Published by PETA.

Happy Nowruz! This 5,000-year-old festival celebrates the start of Persian New Year—and the start of a new season, too. The joyful holiday begins on the first day of spring and lasts for two weeks after the spring equinox. Nowruz, which means “new day,” is the most important day on the Iranian calendar. Persian families clean their homes, decorate with flowers, and exchange gifts with friends.

Many Nowruz traditions revolve around food, like setting the table with a haft-seen to bring health and prosperity to all. A haft-seen is a plate of seven foods that start with an “s,” from senjed (dried fruit) to sabzeh (sprouts). Families also gather to share large meals with traditional dishes such as stuffed peppers and rose water cookies.

These tasty vegan dishes make for a happy and healthy Nowruz.
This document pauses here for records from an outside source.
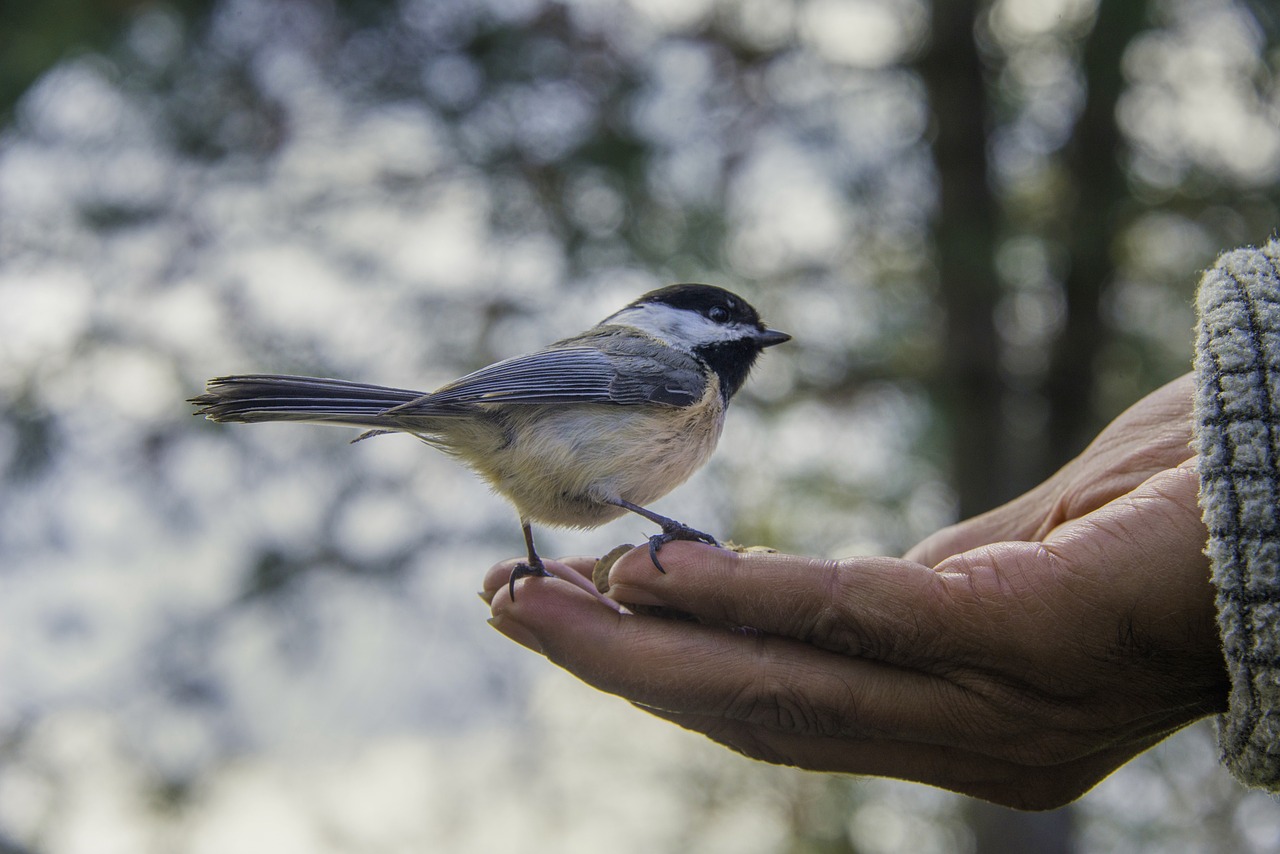 Creating a Wildlife-Friendly Backyard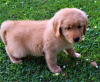 Photo №1. golden retriever - à vendre en ville de Los Angeles | négocié | Annonce №22346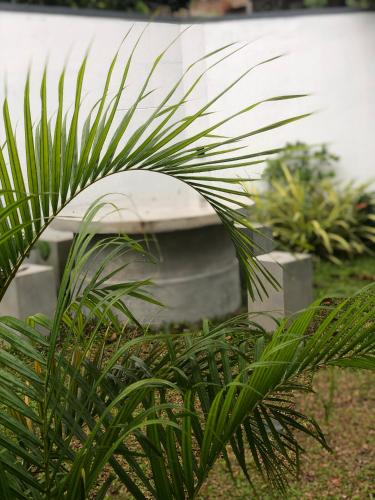 Luvi s Villa — 4-Star Luxury Hotel in Galle, Sri Lanka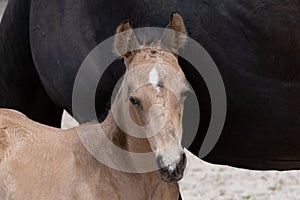 Young newly born yellow foal stands together with its brown mother. against the belly of the mother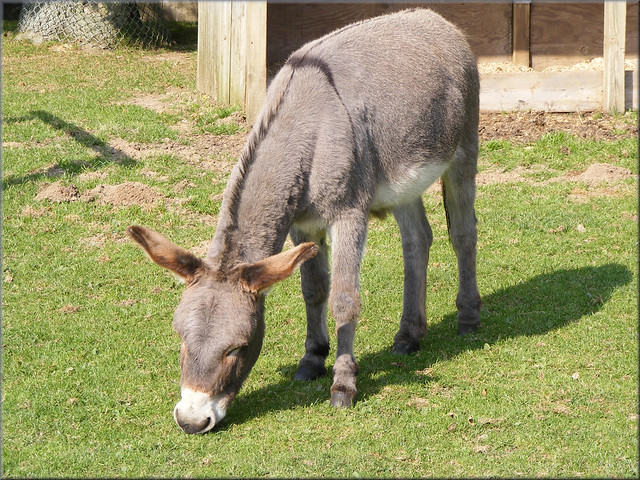Cross a Donkey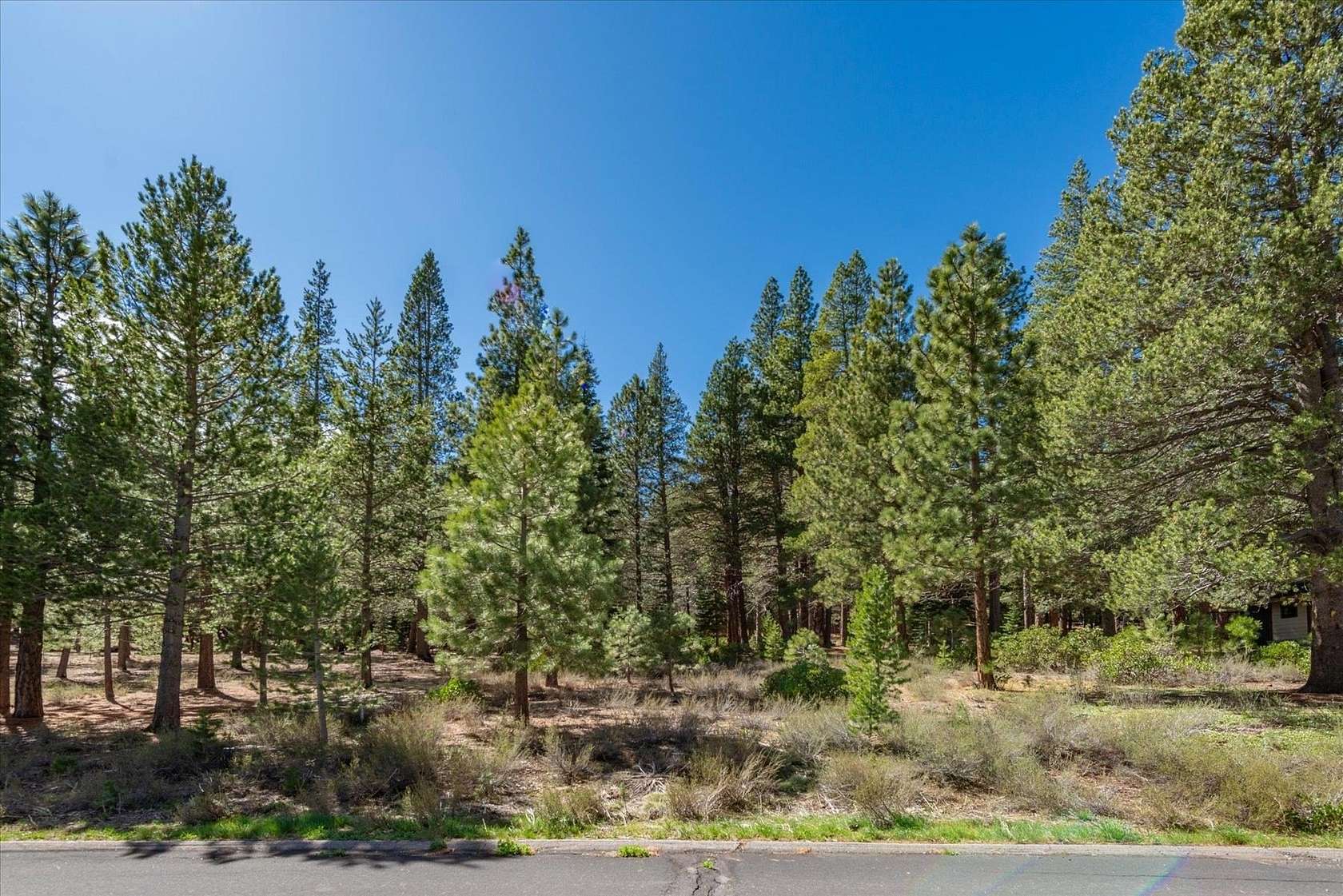 Residential Land for Sale in Truckee, California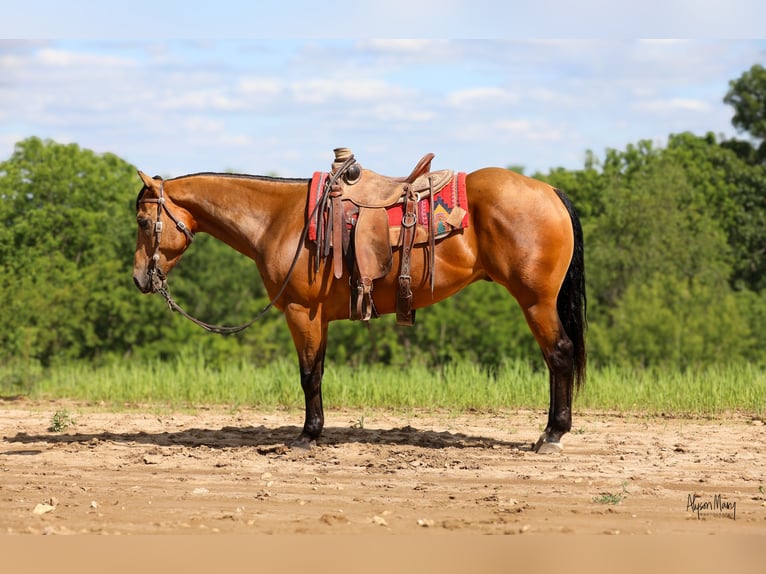 Quarter horse américain Hongre 4 Ans 152 cm Buckskin in Bellevue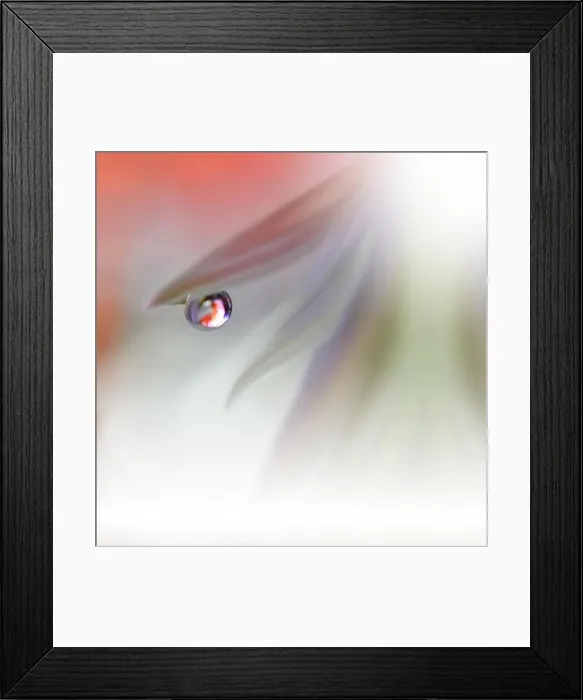 Framed Print : Beautiful Nature Macro Photography.Abstract Colorful Background.Orange and Green Colors.Creative Artwork.Spring White Flowers.Artistic Floral Art Framed Print : Beautiful Nature Macro Photography.Abstract Colorful Background.Orange and Green Colors.Creative Artwork.Spring White Flowers.Artistic Floral Art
Spread the cheer by leaving animal-derived products off your plate, and make sure that your celebrations don’t come at the cost of anyone else’s life. Nowruz mobarak! (“Happy New Year!”)

Dolmeh (Stuffed Leaves)

Most countries in the Middle East have their own version of stuffed leaves with various spices and herbs. In Iran, dolmeh (which comes from a Turkish root meaning “to stuff”) are filled with Persian rice and rolled into squares. This savory and minty version is made with Swiss chard leaves.

© The Persian Fusion

Tahdig (Crispy Rice)

This rice dish is famous in Persian cuisine, and its name says it all. Tahdig, or “bottom pot,” is made from crispy, burnt rice at the bottom of an oiled pan. Most rice dishes can be cooked tahdig-style for a crispy treat. This version has saffron, barberries, and pistachios—three classic Persian ingredients.

© The Vegan Physicist

Ghormeh Sabzi (Fragrant Herb Stew)

This slow-cooked green stew is a favorite in Persian cuisine. Parsley, coriander, and fenugreek are just a few of the herbs that give ghormeh sabzi its signature green hue and heavenly smell.

© One Arab Vegan

Sabzi Baghali Polo (Rice with Herbs and Fava Beans)
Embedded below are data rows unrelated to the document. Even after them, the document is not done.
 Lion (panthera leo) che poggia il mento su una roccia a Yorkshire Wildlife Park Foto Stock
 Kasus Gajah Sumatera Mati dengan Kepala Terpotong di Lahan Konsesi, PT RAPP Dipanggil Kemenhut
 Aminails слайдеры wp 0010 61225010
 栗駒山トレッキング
Two traditional Persian rice dishes are combined to create this sabzi baghali polo: herbed sabzi rice and baghali with fava beans. This new take on a traditional Nowruz recipe is best served with your favorite vegan chicken.
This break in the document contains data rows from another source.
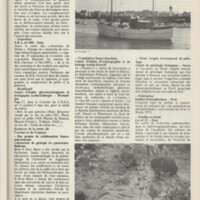 Le courrier du CNRS 14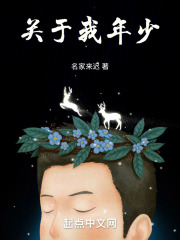 关于我年少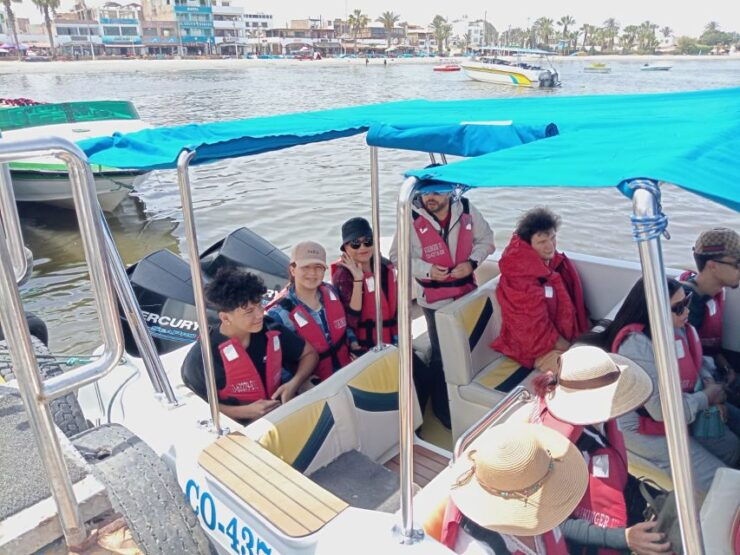 From Lima: Tour to Ballestas Islands, Huacachina Oasis - Included Services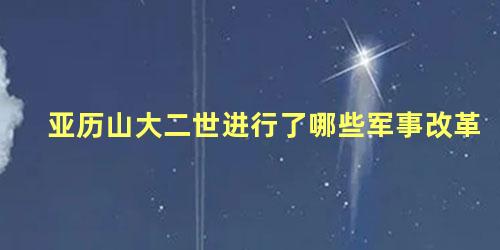 亚历山大二世进行了哪些军事改革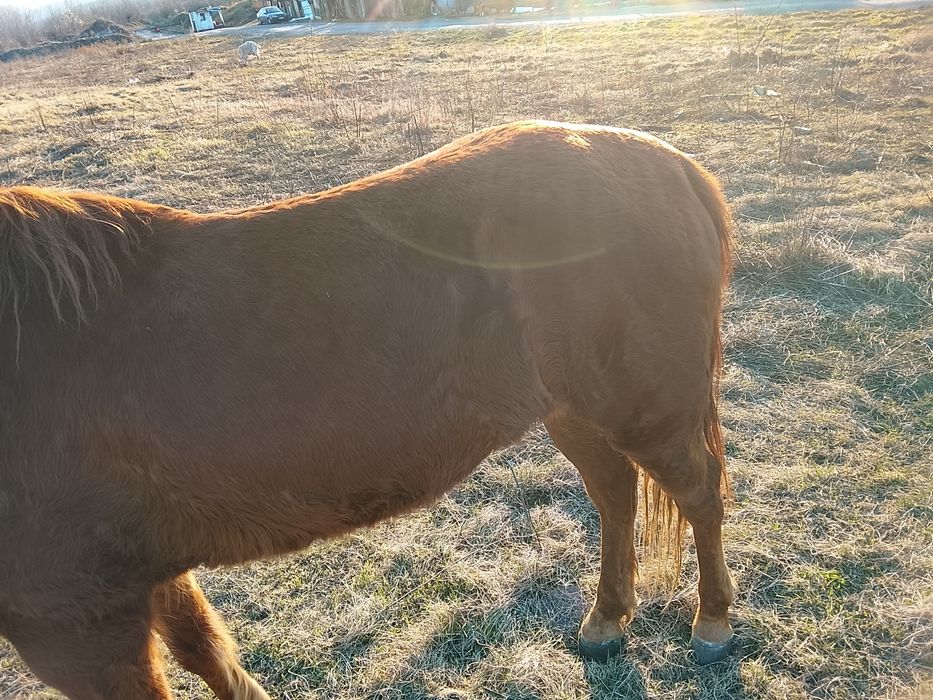 Vând cal  bun la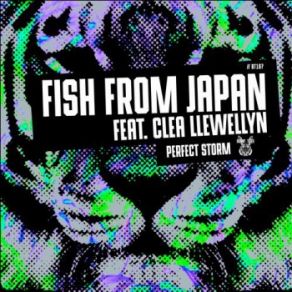 Download track Perfect Storm (Club Dub) Fish From Japan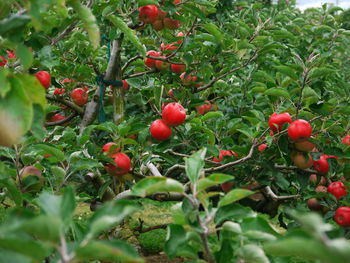 Close-up of red berries on tree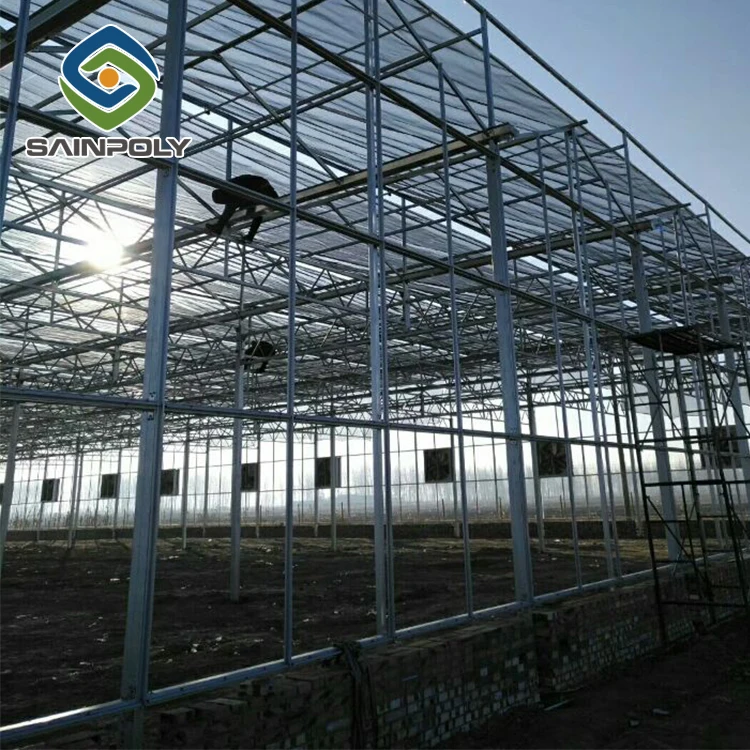 Сельскохозяйственная многопролетная стеклянная теплица для томатов на продажу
Fesenjan (Spiced Pomegranate Stew)

Fesenjan is a showcase of Middle Eastern products. The stew is filled with tart pomegranates, walnuts, and warm spices such as turmeric and cinnamon. The dish is rich and unique and has been described as a “Persian gem.”

Ash Reshteh (Persian Noodle Soup)

This flavorful soup is always served during the festivities before Nowruz. Ash reshteh is a thick vegetarian soup (vegan in this recipe, of course) with legumes, noodles, and piles of fried onions on top. It’s commonly cooked on the 13th day of the New Year and best eaten with family.

© One Arab Vegan

Baklava (Pistachio Pastry)

The flaky pastry known as baklava or baghlava is a sweet tooth’s dream. Everyone is sure to love this dessert made with phyllo dough, pistachios, and a sticky syrup.